Required work. Copy out exactly the stretch of the listing below that begins at the line containing "Hotel Algoritma Dijual" and ends at the line containing "079bet5.com", and copy nothing outside it.

Data provided.
★ ★ ★

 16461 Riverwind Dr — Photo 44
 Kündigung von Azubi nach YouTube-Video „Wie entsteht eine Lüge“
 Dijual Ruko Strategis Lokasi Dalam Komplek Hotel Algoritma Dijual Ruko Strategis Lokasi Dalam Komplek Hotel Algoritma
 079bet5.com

★ ★ ★

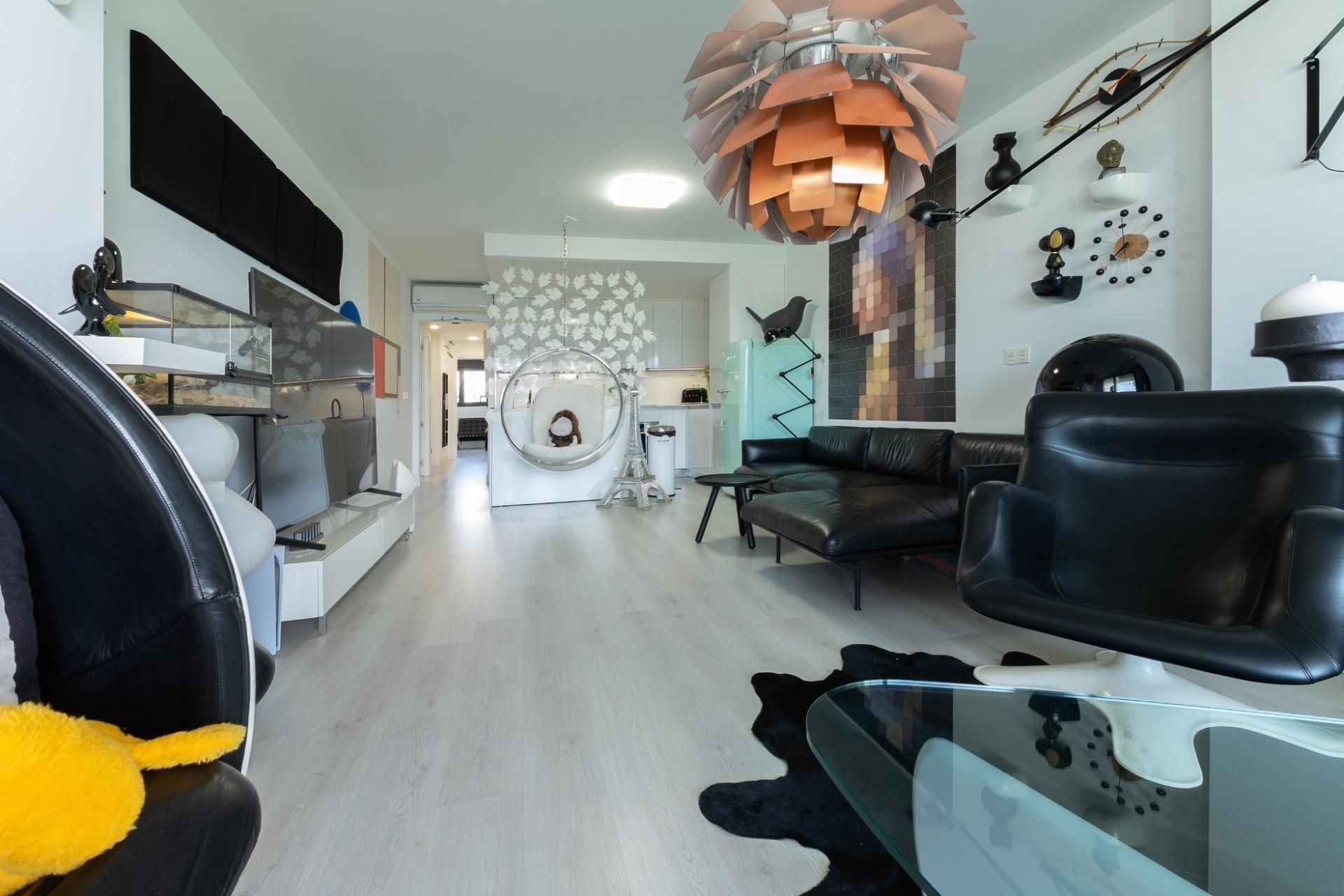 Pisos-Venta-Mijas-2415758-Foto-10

★ ★ ★

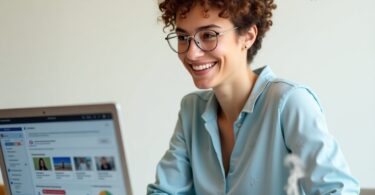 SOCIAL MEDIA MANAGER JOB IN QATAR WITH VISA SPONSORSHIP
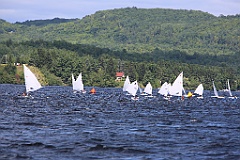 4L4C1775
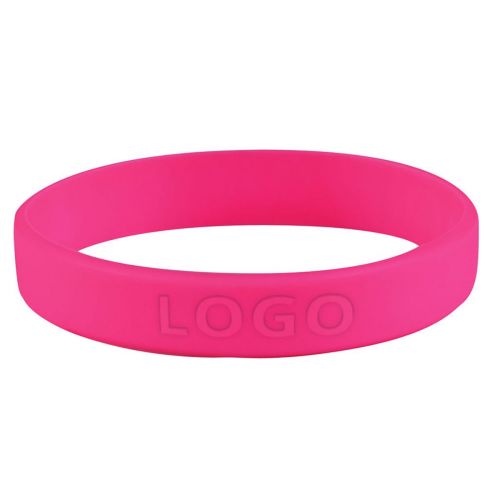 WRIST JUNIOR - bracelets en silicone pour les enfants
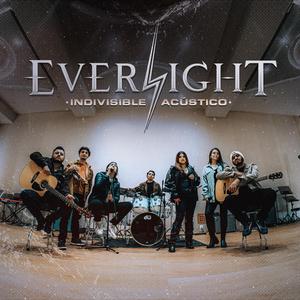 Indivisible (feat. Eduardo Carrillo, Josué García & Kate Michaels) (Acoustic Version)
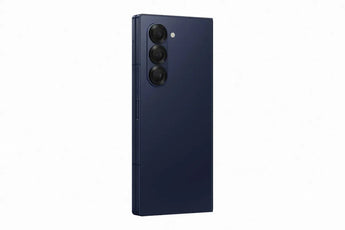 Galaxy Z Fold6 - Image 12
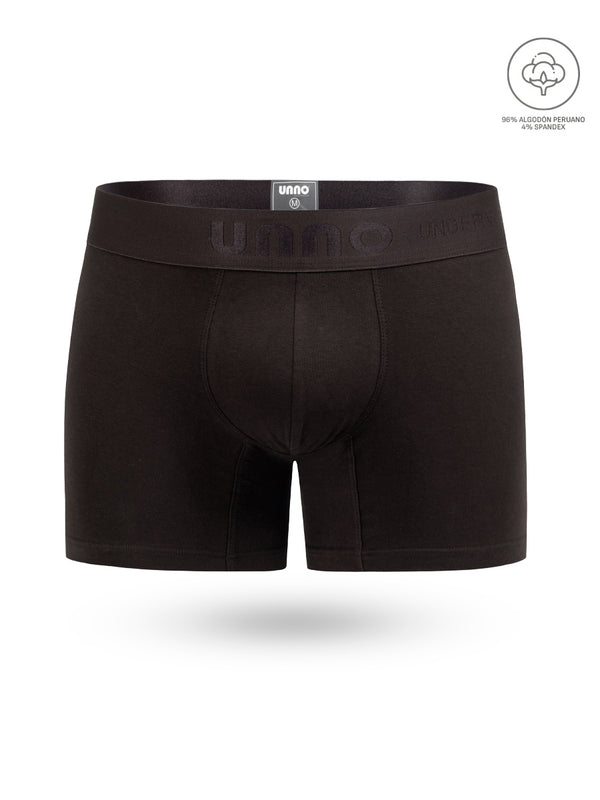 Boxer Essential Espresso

★ ★ ★

Your solution.
 Dijual Ruko Strategis Lokasi Dalam Komplek Hotel Algoritma Dijual Ruko Strategis Lokasi Dalam Komplek Hotel Algoritma
 079bet5.com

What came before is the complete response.